Some Georgia cities have banned any use of scooters, including Smyrna, Marietta, Alpharetta, Lilburn and Norcross.
Jennifer Bennett, community relations director of Smyrna, said that research, study and personal experience outside of Smyrna city limits informed the decision.
“Safety is a major concern along with making sure that should the transportation and recreation dynamic within Smyrna change enough for these rented devices to be a viable and safe regulated transportation option, the introduction of shared scooter businesses needs to be regulated with careful consideration before introduction into the community,” Bennett said.
For Smyrna, safety comes first and the city's action addressed and addresses the most immediate concerns, Bennett said.
“Though there may be study of guidelines or other actions specific to all scooters including personal ownership and operation on city streets, sidewalks and paths that may be considered by the council at a future date, the ordinance in place has no planned changes proposed, at present," she said.
Alpharetta Mayor Jim Gilvin said the city decided to ban scooters so officials could evaluate how they’d best fit into the city and how to avert risk before allowing them in unregulated. He’d consider allowing scooters in if changes were made.
Flocks said police officers would never be able to properly enforce all the rules.
Instead, she suggested changes to the scooters, such as reflective paint, posts with tail lights in the back and speedometers. Making scooters unable to hold more than one passenger would also make them safer, she said.
But the Georgia community affairs manager for Lime scooters, Nima Daivari, said Lime scooters already have headlights, tail lights and are reflective.
“As far as infrastructure improvements, we would love to see more of those — more LIT lanes and more separation from traffic in the city of Atlanta,” Daivari said.

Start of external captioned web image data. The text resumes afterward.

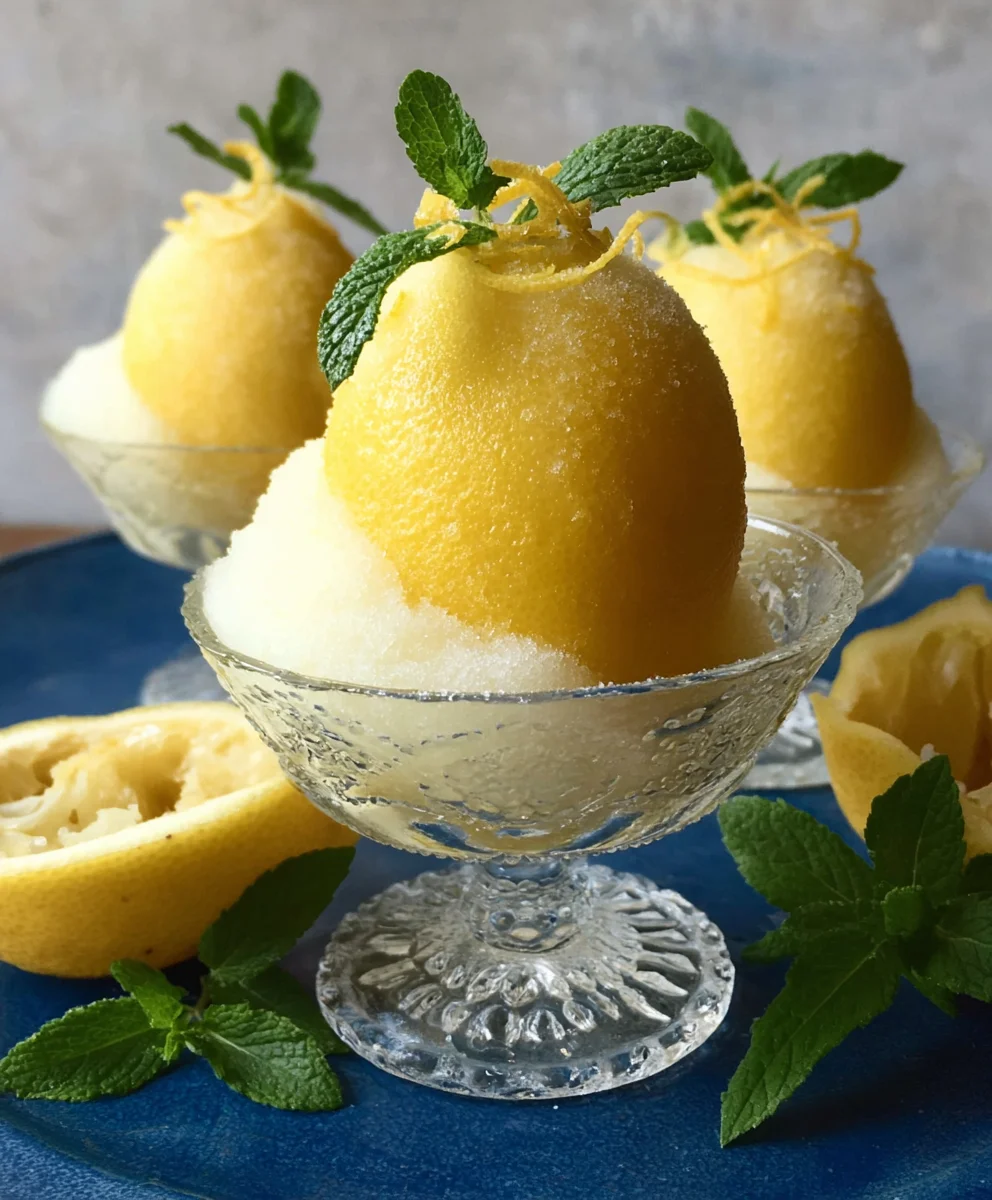 Frozen Lemon Shell Sorbetto- Refreshing Lemon Dessert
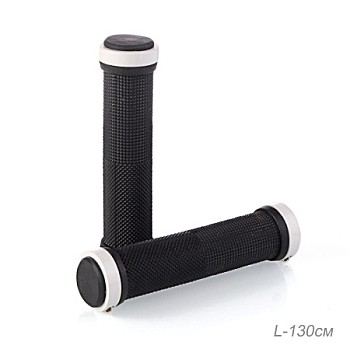 Ручки руля 130 мм COMIRON с алюминиевыми наконечниками (черный/белый)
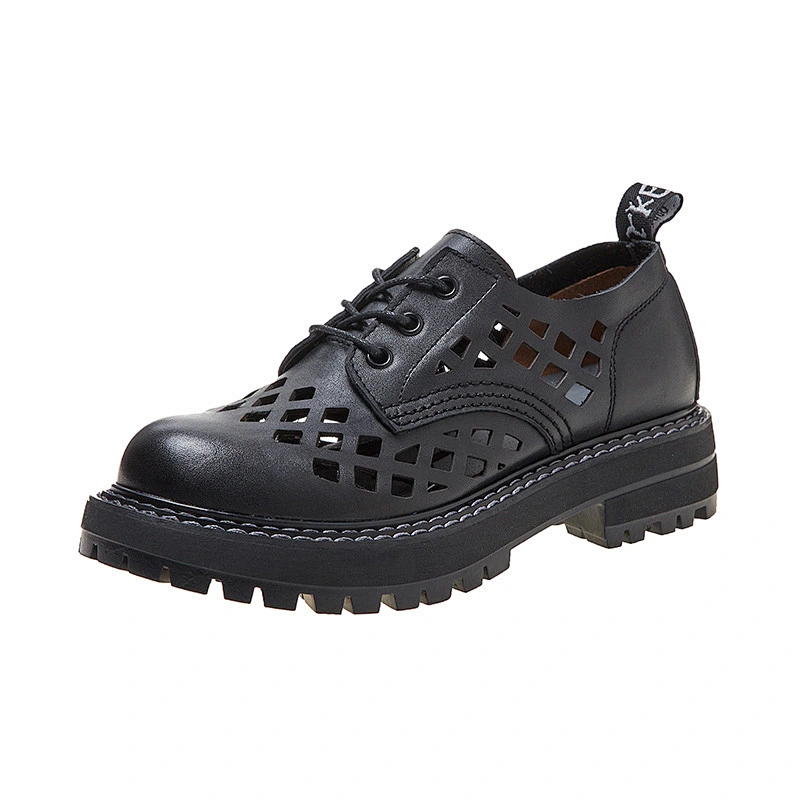 Women Leather Classic Lace Up Platform Chunky Oxfords Dress Pump Shoes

Lime scooters are already limited to moving at 15 miles per hour maximum, but Daivari didn’t have insight into the company’s future plans regarding hardware.
The Atlanta Police Department announced they were going to begin enforcing existing scooter laws in June. APD Public Affairs Director Carlos Campos said because e-scooters are still a relatively new mode of transport, they have really been focused on education.

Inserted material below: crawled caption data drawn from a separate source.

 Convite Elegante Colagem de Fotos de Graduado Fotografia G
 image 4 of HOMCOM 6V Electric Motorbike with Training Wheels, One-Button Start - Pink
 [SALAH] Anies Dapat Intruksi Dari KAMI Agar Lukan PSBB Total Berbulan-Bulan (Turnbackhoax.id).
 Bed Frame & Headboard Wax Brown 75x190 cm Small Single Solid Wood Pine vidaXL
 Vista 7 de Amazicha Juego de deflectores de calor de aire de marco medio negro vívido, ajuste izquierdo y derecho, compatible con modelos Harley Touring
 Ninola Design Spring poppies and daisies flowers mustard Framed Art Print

The APD embarked on a public awareness campaign in June and created fliers emphasizing scooter safety that they have been distributing. They also created a video public service announcement shared on their social media channels.
“Right now, our goal is mostly to educate people. There are a lot of tourists and out-of-towners who are not aware of the laws, so we want to make sure we do as much education as possible before we enforce the laws in earnest,” Campos said. “If an officer sees someone violating the law, the scooter rider may be stopped and spoken to.”
The APD has issued some citations, but usually those have been in connection with something more egregious, such as riding the scooter recklessly or running into a pedestrian, Campos said.
“Most of our education and enforcement efforts have centered on Downtown and Midtown, where e-scooter use is the highest,” Campos said. “In those areas, officers have issued 256 warnings or citations; the vast majority of those have been warnings.”
The department has filed 25 e-scooter cases at the Municipal Court of Atlanta for violation of the scooter operation ordinance, according to court spokesperson Tialer Maxwell.
“Approximately 10 cases have been resolved, some by agreement with the city where the average fine per violation is $137.44 and some by dismissal by the city,” Maxwell said. “No cases have been brought to trial. Of the balance that remains, either the initial court date has yet to occur or the defendant did not appear in court on the set court date.”
Some people have expressed discontent with the nighttime scooter and e-bike ban Mayor Keisha Lance Bottoms made effective last Friday, which prohibits the devices from being rentable from 9 p.m. to 4 a.m.
The City of Atlanta has imposed a daily citywide No Ride Zone from 9:00 p.m. to 4:00 a.m. for electric scooters and E-Bikes. The nighttime ban is effective Friday, August 9, 2019. Click the link in our bio to learn more.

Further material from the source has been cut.